This runs the Atari 100k evaluator from `world_models/benchmarks`, computes
human-normalized scores, and reports aggregate metrics across games and seeds.

## Outputs

The runner saves these files into the selected `out_dir` (default
`results/bench`):

- `benchmark_results.json` - raw structured results.
- `benchmark_results.csv` - per-seed rows.
- `benchmark_results.md` - human-readable markdown table.
- `benchmark_results.tex` - LaTeX table ready for papers.

Multi-agent runs also write combined reports such as
`combined_benchmark_results.json` and `combined_benchmark_results.csv` in the
root output directory, with per-agent details under subdirectories.
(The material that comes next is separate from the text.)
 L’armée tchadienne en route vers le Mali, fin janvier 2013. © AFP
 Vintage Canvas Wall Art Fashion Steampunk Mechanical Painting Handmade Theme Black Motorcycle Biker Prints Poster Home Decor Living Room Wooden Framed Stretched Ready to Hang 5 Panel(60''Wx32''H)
## Computing IQM and bootstrap CIs

The runner stores per-seed means in the JSON under
`aggregate.per_seed_means`. Use your preferred statistics package to compute
IQM and confidence intervals from that array.

## Extending the harness

- Create an adapter in `world_models/benchmarks/adapters.py` that implements:
  - `load_checkpoint(path: str)`
  - `evaluate(num_episodes: int, render: bool = False)` returning `{"episode_returns": list[float]}`
- Register your adapter in `world_models/benchmarks/cli.py` to expose it through `torchwm benchmark`.

## Tests and CI

- Place smoke tests under `world_models/benchmarks/tests/` so CI can run them quickly.
- The repo contains a `mocking_classes.py` helper for building fake agents and environments for fast unit tests.

## Where to start

- Run the examples in `examples/benchmark_iris.py` or use `torchwm benchmark` directly.
- If you need help wiring specific agent configs, use `--device`, `--preset`, and checkpoint options, or call the runner programmatically and pass `extra_kwargs`.